No one that I know enjoys going to the doctor and getting an injection. Whether it’s as simple as a flu shot or something more complex such as a regimen of allergy shots, it’s not a particularly enjoyable experience.
Today’s topic is an injection of another sort, but the experience isn’t enjoyable either. It turns out that AT&T has jumped on the “no free lunch” bandwagon with respect to offering wireless hotspots to its customers. A Stanford computer scientist and lawyer was travelling and discovered that the AT&T hotspot to which he had connected was serving ads over web pages he was accessing. When he went to Stanford’s home page, for instance (a page that has zero ads on it), he saw a pop-up ad for jewelry and AT&T itself, and the ads persisted for several seconds until he could close them.
He discovered that the ISP was tampering with HTTP traffic – that’s what serves web pages. It is using a service from a third party to inject the ads and to monetize the traffic. AT&T is far from the first “free” service to do this – Comcast and Marriott are just two others. But as the professor wrote:
AT&T has an (understandable) incentive to seek consumer-side income from its free wifi service, but this model of advertising injection is particularly unsavory. Among other drawbacks: It exposes much of the user’s browsing activity to an undisclosed and untrusted business. It clutters the user’s web browsing experience. It tarnishes carefully crafted online brands and content, especially because the ads are not clearly marked as part of the hotspot service. And it introduces security and breakage risks, since website developers generally don’t plan for extra scripts and layout elements.

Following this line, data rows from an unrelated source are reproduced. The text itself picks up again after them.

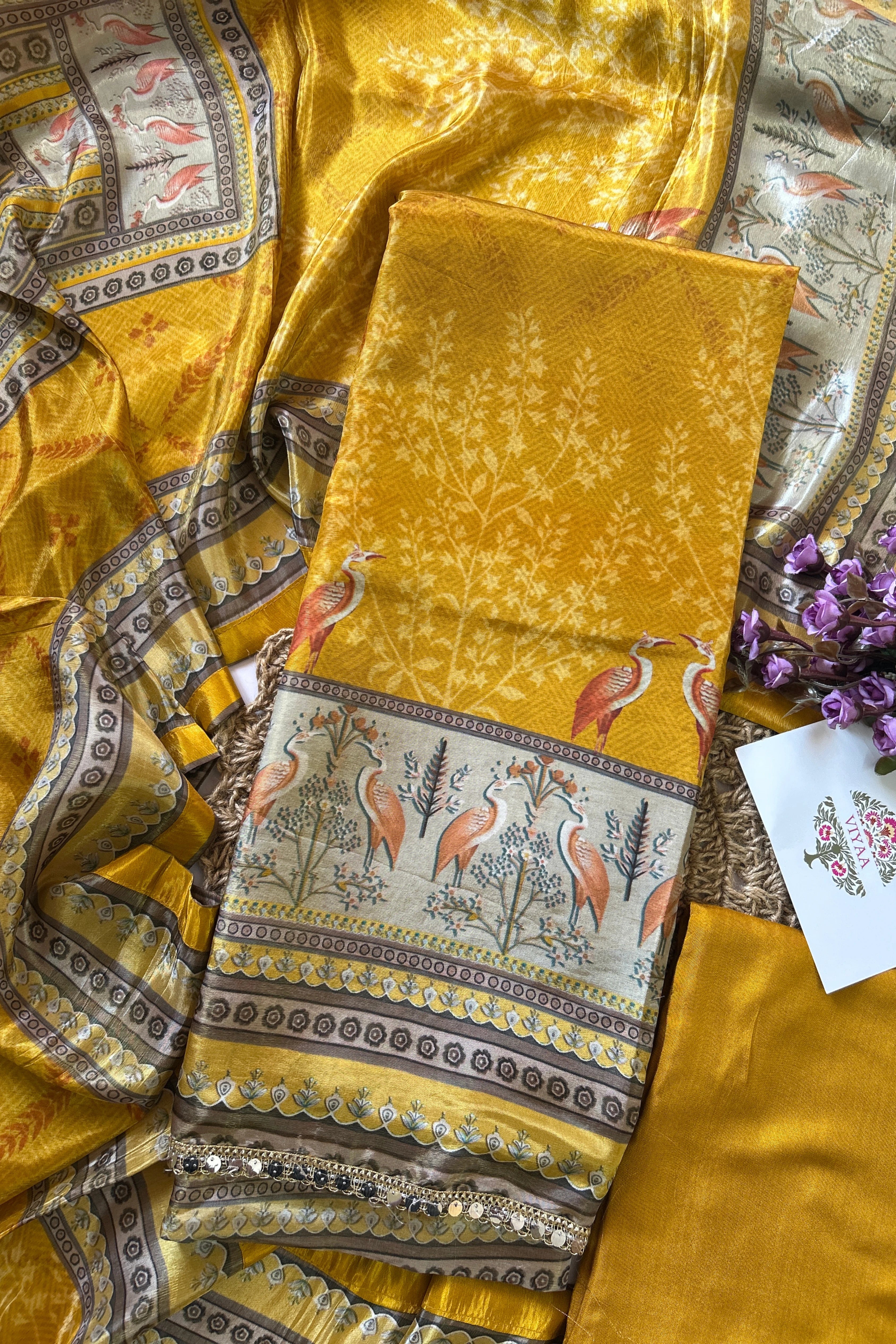Glass Tissue Silk Suit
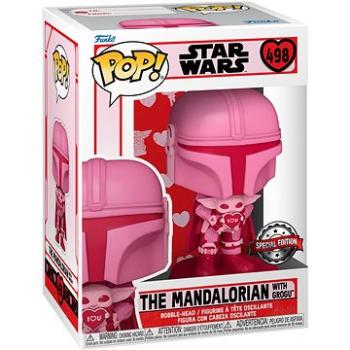 Funko POP! Star Wars Valentines S2 - Mando w/Grogu (889698601221)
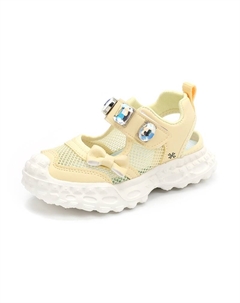 Дышащие низкие детские сандалии для детей, желтый Yuzhaolin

In other words, while you might have accepted that as your ISP the folks at AT&T will see and record everything that you’re doing, you might be concerned about an outside company doing so. Moreover, as a publisher, your beautiful content environment is now sullied by ads from which you derive zero revenue.
If you’re on an AT&T hotspot, you’re already an AT&T customer. I don’t believe you can log on if you’re not and you’re probably paying them handsomely each month (I know I am). This sort of nickel and diming might help revenues (I wonder how much in the scheme of things) but it doesn’t help with customer satisfaction. That’s a point from which any business can learn. Idiotic injection from my perspective. Yours?